++++ DATA SEGMENT

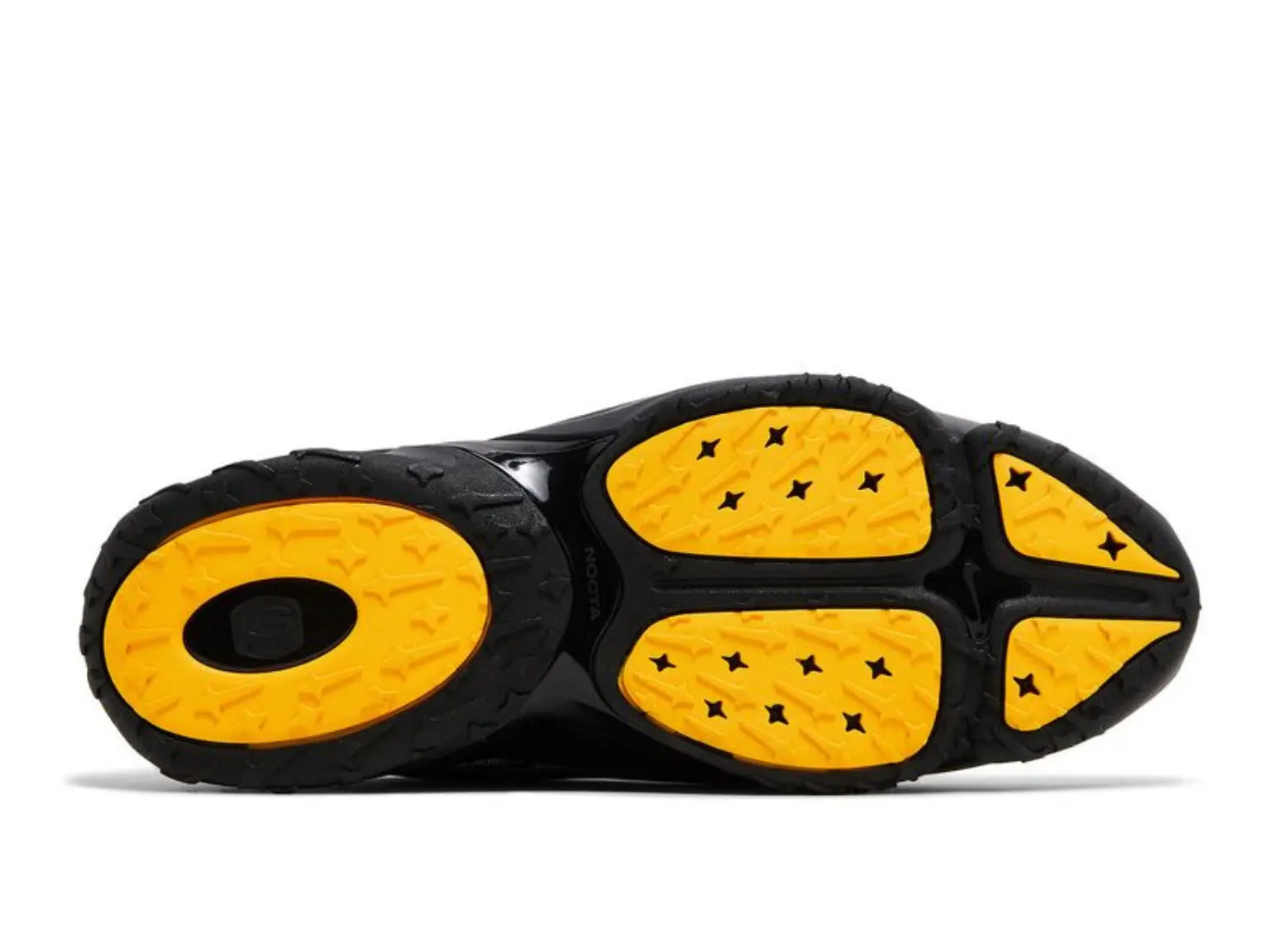 Nike Hot Step 2 Drake NOCTA Black Nike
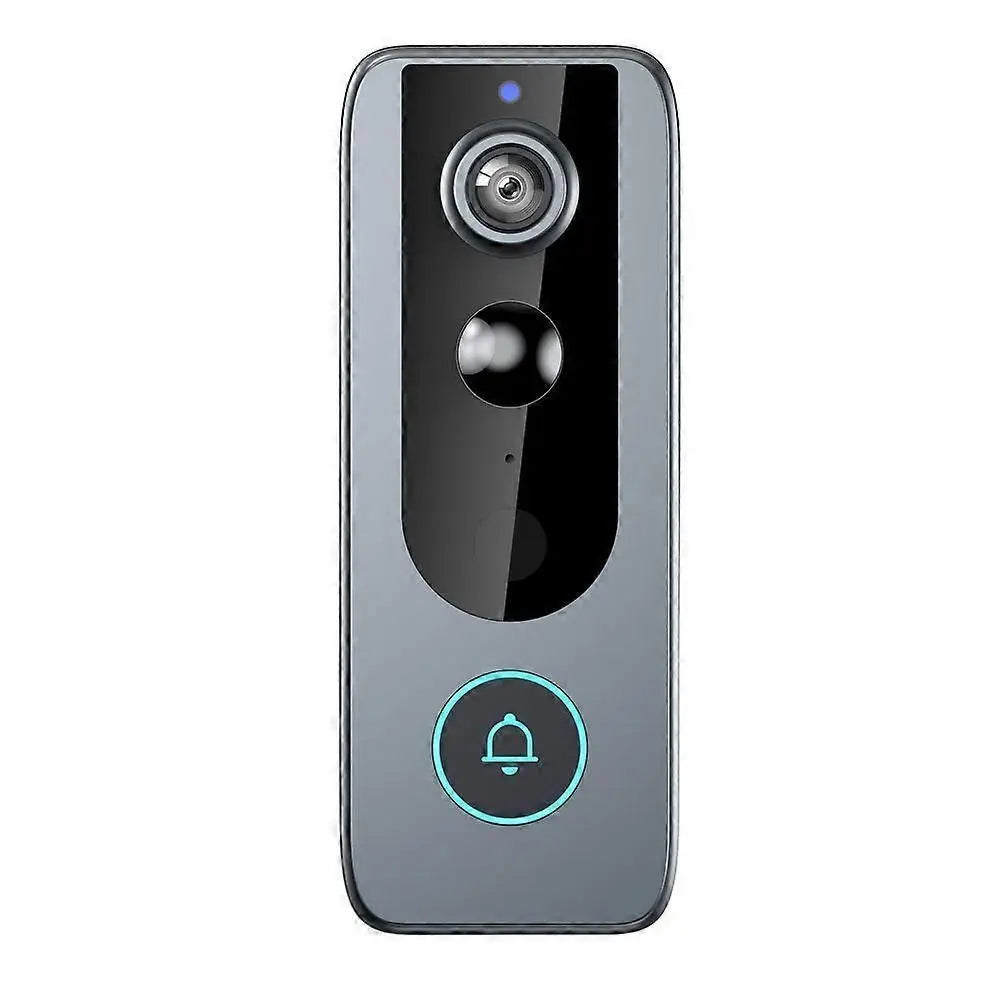 Tuya Smart Home Video Doorbell, Waterproof Wireless Surveillance Camera M21 Wholesale Hub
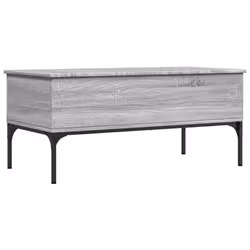 VidaXL 845414 coffee/side/end table - Additional view 7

++++++++

Take the lines from the one holding "Tuya Smart Home" through the last line of the data above and copy them exactly, both ends included, omitting all pictures.

→ **EXERCISE SOLUTION**:
 Tuya Smart Home Video Doorbell, Waterproof Wireless Surveillance Camera M21 Wholesale Hub
 VidaXL 845414 coffee/side/end table - Additional view 7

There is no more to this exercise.